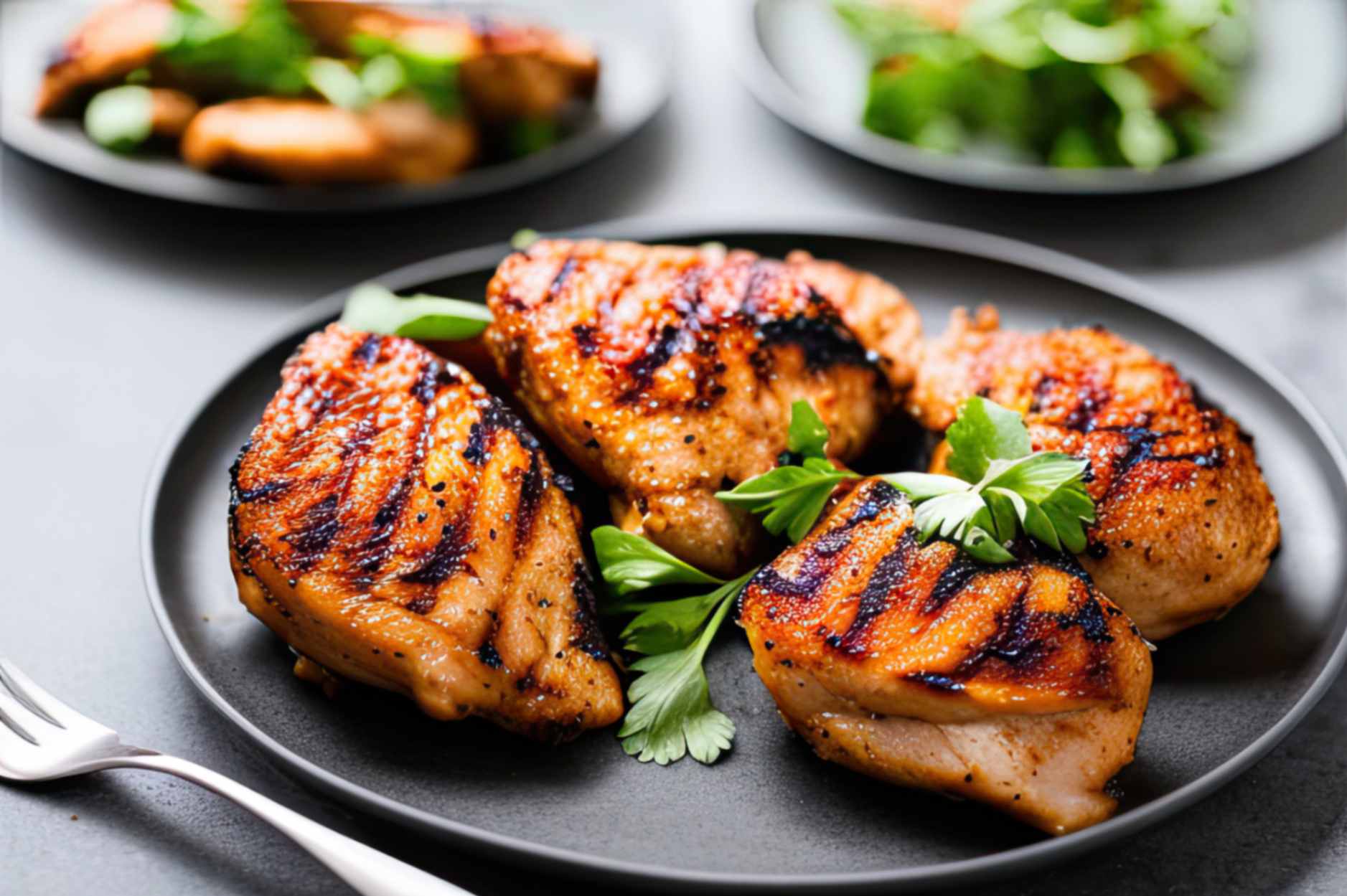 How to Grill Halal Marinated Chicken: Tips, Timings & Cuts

:::

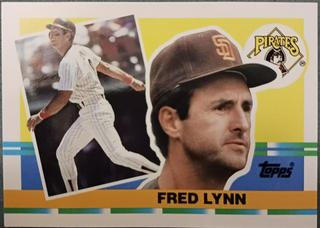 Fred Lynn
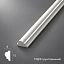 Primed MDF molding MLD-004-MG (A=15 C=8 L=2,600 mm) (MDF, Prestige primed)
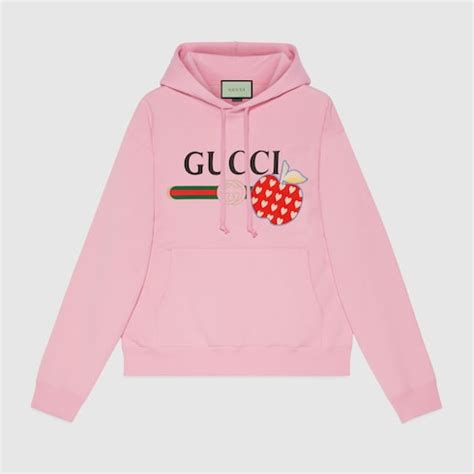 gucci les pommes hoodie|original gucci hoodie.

:::

Using the records above, return word for word the lines that begin at the one containing "Primed MDF molding" and end at the one containing "gucci les pommes", both of them included and no pictures.

**Solved exercise**
 Primed MDF molding MLD-004-MG (A=15 C=8 L=2,600 mm) (MDF, Prestige primed)
 gucci les pommes hoodie|original gucci hoodie.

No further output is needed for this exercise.